Assignment:
Each line must appear in the answer exactly as it does in the data.

◇ ◇ ◇

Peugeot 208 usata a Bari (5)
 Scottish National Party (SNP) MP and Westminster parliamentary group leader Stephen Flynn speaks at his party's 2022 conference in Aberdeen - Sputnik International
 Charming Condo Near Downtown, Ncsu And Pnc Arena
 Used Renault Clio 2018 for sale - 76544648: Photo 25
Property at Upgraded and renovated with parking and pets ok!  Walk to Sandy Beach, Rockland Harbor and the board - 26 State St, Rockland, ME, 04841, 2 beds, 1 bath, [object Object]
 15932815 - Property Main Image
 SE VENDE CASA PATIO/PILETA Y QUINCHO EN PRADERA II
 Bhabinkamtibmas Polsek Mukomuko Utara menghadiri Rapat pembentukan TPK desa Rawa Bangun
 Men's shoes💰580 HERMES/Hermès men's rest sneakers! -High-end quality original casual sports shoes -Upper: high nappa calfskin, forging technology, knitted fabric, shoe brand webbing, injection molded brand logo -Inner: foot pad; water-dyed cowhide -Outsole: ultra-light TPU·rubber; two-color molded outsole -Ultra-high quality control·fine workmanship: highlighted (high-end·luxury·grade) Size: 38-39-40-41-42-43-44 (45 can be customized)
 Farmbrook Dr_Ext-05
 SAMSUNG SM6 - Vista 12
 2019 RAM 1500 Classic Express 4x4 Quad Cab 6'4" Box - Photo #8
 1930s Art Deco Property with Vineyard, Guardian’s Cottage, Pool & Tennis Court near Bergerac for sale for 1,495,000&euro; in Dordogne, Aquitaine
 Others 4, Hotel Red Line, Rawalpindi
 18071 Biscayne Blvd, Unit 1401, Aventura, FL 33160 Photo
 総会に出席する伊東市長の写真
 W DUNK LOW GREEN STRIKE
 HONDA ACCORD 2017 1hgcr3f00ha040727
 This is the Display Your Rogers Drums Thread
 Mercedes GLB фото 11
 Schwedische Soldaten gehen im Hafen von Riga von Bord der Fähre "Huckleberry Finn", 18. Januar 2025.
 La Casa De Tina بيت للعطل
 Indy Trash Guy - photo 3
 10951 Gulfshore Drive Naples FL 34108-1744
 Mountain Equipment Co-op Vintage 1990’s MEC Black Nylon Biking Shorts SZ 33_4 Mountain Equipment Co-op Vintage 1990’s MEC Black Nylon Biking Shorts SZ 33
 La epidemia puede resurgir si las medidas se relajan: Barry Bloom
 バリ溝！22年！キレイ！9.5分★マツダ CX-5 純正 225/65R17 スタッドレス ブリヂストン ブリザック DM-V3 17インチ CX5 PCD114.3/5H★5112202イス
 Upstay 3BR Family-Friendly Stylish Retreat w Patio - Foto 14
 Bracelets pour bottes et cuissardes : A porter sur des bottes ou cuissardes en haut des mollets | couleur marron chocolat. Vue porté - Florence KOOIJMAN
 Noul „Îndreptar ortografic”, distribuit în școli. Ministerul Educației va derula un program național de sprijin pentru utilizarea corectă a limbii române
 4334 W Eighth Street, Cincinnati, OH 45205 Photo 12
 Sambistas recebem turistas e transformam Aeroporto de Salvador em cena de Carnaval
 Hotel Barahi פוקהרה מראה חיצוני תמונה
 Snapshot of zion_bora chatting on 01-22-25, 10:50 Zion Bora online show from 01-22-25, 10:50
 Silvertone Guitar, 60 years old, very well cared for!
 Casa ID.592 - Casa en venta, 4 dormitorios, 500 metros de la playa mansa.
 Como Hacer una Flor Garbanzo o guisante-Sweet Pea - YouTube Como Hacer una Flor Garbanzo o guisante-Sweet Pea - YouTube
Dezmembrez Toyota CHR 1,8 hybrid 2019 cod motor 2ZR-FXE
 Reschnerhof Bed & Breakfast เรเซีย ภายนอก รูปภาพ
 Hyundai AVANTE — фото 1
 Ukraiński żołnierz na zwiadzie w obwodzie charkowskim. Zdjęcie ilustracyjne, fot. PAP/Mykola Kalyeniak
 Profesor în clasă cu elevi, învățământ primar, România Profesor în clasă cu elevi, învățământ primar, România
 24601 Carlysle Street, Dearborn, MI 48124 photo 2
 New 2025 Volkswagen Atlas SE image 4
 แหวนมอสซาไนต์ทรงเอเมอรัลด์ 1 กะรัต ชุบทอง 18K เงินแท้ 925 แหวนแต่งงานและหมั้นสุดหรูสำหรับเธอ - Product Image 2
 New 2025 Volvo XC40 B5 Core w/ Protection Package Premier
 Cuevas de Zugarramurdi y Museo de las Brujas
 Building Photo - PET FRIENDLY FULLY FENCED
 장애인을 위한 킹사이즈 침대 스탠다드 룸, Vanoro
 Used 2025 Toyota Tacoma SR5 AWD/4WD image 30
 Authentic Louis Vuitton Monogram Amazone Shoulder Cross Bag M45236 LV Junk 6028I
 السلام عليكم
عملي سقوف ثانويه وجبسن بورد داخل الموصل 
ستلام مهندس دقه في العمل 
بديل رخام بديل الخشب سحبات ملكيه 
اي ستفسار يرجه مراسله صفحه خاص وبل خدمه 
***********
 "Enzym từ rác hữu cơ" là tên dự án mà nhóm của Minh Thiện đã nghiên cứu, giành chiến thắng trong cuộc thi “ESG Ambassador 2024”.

◇ ◇ ◇

Task answer:
Peugeot 208 usata a Bari (5)
 Scottish National Party (SNP) MP and Westminster parliamentary group leader Stephen Flynn speaks at his party's 2022 conference in Aberdeen - Sputnik International
 Charming Condo Near Downtown, Ncsu And Pnc Arena
 Used Renault Clio 2018 for sale - 76544648: Photo 25
Property at Upgraded and renovated with parking and pets ok!  Walk to Sandy Beach, Rockland Harbor and the board - 26 State St, Rockland, ME, 04841, 2 beds, 1 bath, [object Object]
 15932815 - Property Main Image
 SE VENDE CASA PATIO/PILETA Y QUINCHO EN PRADERA II
 Bhabinkamtibmas Polsek Mukomuko Utara menghadiri Rapat pembentukan TPK desa Rawa Bangun
 Men's shoes💰580 HERMES/Hermès men's rest sneakers! -High-end quality original casual sports shoes -Upper: high nappa calfskin, forging technology, knitted fabric, shoe brand webbing, injection molded brand logo -Inner: foot pad; water-dyed cowhide -Outsole: ultra-light TPU·rubber; two-color molded outsole -Ultra-high quality control·fine workmanship: highlighted (high-end·luxury·grade) Size: 38-39-40-41-42-43-44 (45 can be customized)
 Farmbrook Dr_Ext-05
 SAMSUNG SM6 - Vista 12
 2019 RAM 1500 Classic Express 4x4 Quad Cab 6'4" Box - Photo #8
 1930s Art Deco Property with Vineyard, Guardian’s Cottage, Pool & Tennis Court near Bergerac for sale for 1,495,000&euro; in Dordogne, Aquitaine
 Others 4, Hotel Red Line, Rawalpindi
 18071 Biscayne Blvd, Unit 1401, Aventura, FL 33160 Photo
 総会に出席する伊東市長の写真
 W DUNK LOW GREEN STRIKE
 HONDA ACCORD 2017 1hgcr3f00ha040727
 This is the Display Your Rogers Drums Thread
 Mercedes GLB фото 11
 Schwedische Soldaten gehen im Hafen von Riga von Bord der Fähre "Huckleberry Finn", 18. Januar 2025.
 La Casa De Tina بيت للعطل
 Indy Trash Guy - photo 3
 10951 Gulfshore Drive Naples FL 34108-1744
 Mountain Equipment Co-op Vintage 1990’s MEC Black Nylon Biking Shorts SZ 33_4 Mountain Equipment Co-op Vintage 1990’s MEC Black Nylon Biking Shorts SZ 33
 La epidemia puede resurgir si las medidas se relajan: Barry Bloom
 バリ溝！22年！キレイ！9.5分★マツダ CX-5 純正 225/65R17 スタッドレス ブリヂストン ブリザック DM-V3 17インチ CX5 PCD114.3/5H★5112202イス
 Upstay 3BR Family-Friendly Stylish Retreat w Patio - Foto 14
 Bracelets pour bottes et cuissardes : A porter sur des bottes ou cuissardes en haut des mollets | couleur marron chocolat. Vue porté - Florence KOOIJMAN
 Noul „Îndreptar ortografic”, distribuit în școli. Ministerul Educației va derula un program național de sprijin pentru utilizarea corectă a limbii române
 4334 W Eighth Street, Cincinnati, OH 45205 Photo 12
 Sambistas recebem turistas e transformam Aeroporto de Salvador em cena de Carnaval
 Hotel Barahi פוקהרה מראה חיצוני תמונה
 Snapshot of zion_bora chatting on 01-22-25, 10:50 Zion Bora online show from 01-22-25, 10:50
 Silvertone Guitar, 60 years old, very well cared for!
 Casa ID.592 - Casa en venta, 4 dormitorios, 500 metros de la playa mansa.
 Como Hacer una Flor Garbanzo o guisante-Sweet Pea - YouTube Como Hacer una Flor Garbanzo o guisante-Sweet Pea - YouTube
Dezmembrez Toyota CHR 1,8 hybrid 2019 cod motor 2ZR-FXE
 Reschnerhof Bed & Breakfast เรเซีย ภายนอก รูปภาพ
 Hyundai AVANTE — фото 1
 Ukraiński żołnierz na zwiadzie w obwodzie charkowskim. Zdjęcie ilustracyjne, fot. PAP/Mykola Kalyeniak
 Profesor în clasă cu elevi, învățământ primar, România Profesor în clasă cu elevi, învățământ primar, România
 24601 Carlysle Street, Dearborn, MI 48124 photo 2
 New 2025 Volkswagen Atlas SE image 4
 แหวนมอสซาไนต์ทรงเอเมอรัลด์ 1 กะรัต ชุบทอง 18K เงินแท้ 925 แหวนแต่งงานและหมั้นสุดหรูสำหรับเธอ - Product Image 2
 New 2025 Volvo XC40 B5 Core w/ Protection Package Premier
 Cuevas de Zugarramurdi y Museo de las Brujas
 Building Photo - PET FRIENDLY FULLY FENCED
 장애인을 위한 킹사이즈 침대 스탠다드 룸, Vanoro
 Used 2025 Toyota Tacoma SR5 AWD/4WD image 30
 Authentic Louis Vuitton Monogram Amazone Shoulder Cross Bag M45236 LV Junk 6028I
 السلام عليكم
عملي سقوف ثانويه وجبسن بورد داخل الموصل 
ستلام مهندس دقه في العمل 
بديل رخام بديل الخشب سحبات ملكيه 
اي ستفسار يرجه مراسله صفحه خاص وبل خدمه 
***********
 "Enzym từ rác hữu cơ" là tên dự án mà nhóm của Minh Thiện đã nghiên cứu, giành chiến thắng trong cuộc thi “ESG Ambassador 2024”.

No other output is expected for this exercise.